But every once in a while, the look of video is justified by the story, and the plain and present look enhances the plot. Such was the case with The Blair Witch Project, and so it is with Interview with the Assassin.

The Second Gunman

Ex-marine Walter Ohlinger turns his back on Kennedy againRon Kobeleski (Dylan Haggerty) is a videographer for a TV station. Ron is almost always behind the camera — the entire movie is told from his camera’s point of view. He’s always wanted to do something bigger than television, and when his neighbor Walter (Raymond J. Barry) comes over, he gets the chance of a lifetime. Walter tells Ron to turn on his camera and then makes a startling revelation. “I was in Dallas, November 22nd, 1963.... I was the second gunman,” he says, referring to the Kennedy assassination.

Walter’s claim deserves, prima facie, to be rejected, and in fact Ron shares our disbelief. But Walter has a surprising wealth of details, including a cartridge casing that he says comes from the shot that killed Kennedy.

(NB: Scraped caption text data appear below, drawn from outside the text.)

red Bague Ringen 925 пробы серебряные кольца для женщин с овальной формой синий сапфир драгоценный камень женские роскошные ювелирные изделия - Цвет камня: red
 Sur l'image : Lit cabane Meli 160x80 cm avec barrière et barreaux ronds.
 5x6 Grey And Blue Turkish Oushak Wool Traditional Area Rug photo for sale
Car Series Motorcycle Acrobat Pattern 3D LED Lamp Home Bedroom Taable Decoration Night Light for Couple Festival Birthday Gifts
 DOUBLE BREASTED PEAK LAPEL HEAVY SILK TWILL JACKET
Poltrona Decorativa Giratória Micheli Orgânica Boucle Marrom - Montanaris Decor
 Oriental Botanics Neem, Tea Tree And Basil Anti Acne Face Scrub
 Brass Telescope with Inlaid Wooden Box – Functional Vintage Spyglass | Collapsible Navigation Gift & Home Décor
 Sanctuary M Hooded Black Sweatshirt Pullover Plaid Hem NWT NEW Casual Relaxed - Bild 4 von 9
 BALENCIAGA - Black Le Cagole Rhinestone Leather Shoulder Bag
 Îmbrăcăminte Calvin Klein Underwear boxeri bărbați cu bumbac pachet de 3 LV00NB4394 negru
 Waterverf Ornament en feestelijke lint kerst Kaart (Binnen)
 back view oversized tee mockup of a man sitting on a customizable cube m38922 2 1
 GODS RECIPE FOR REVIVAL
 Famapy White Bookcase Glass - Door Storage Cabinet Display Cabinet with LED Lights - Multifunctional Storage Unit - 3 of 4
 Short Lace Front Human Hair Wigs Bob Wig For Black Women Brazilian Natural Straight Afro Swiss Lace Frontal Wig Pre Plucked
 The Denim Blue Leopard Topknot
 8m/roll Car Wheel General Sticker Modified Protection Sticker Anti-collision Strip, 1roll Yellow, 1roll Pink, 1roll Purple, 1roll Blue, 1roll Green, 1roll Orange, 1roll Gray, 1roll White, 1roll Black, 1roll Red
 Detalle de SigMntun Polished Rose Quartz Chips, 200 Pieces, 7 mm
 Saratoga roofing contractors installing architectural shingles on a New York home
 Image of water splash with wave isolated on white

Ron takes the casing to a lab for testing, and nothing the lab tells him contradicts Walter’s story: it’s the right age, and it’s for the right type of rifle. Ron is (along with the audience) still skeptical, but Walter has an answer for every complaint. Ron, meanwhile, just keeps his camera rolling as they track down leads to corroborate or deny Walter’s story.

A Magic Bullet

Interview with the Assassin is surprisingly engaging. Once you get caught up in the story, there is no escape. Not only is the subject matter interesting, but the balance between “couldn’t be!” and “could it?” is struck perfectly.

Clearly, it’s difficult to believe Walter’s story, but because Ron the cameraman shares our disbelief, we have an advocate on-screen. We want Walter to prove his outrageous claims, and so does Ron. Ron asks the same hard questions we would.

On the other hand, Walter obliges Ron with openness and honesty. Barry gives a masterful, convincing performance. Walter is telling the truth. The question is whether it’s the real truth or a madman’s fantasy. All we can do is sift through the evidence with Ron and look for a magic bullet.

True Believers and Skeptics

The two points of view are so well balanced that viewers can choose to side with the conspiracy theory or maintain their skepticism. The movie supports both views, even as Ron uncovers more and more facts.

Most surprisingly of all, writer/director Neil Burger is able to give this story a dramatic arc. He invents a climax and a coda, while still maintaining the all-important balance.

It’s difficult to fault Interview with The Assassin on any level. All I can come up with is that maybe a few of the shots Ron gets on his camera are a little too fortuitous to be believed. But unless you find the whole concept distasteful, there’s no reason to miss Interview with the Assassin.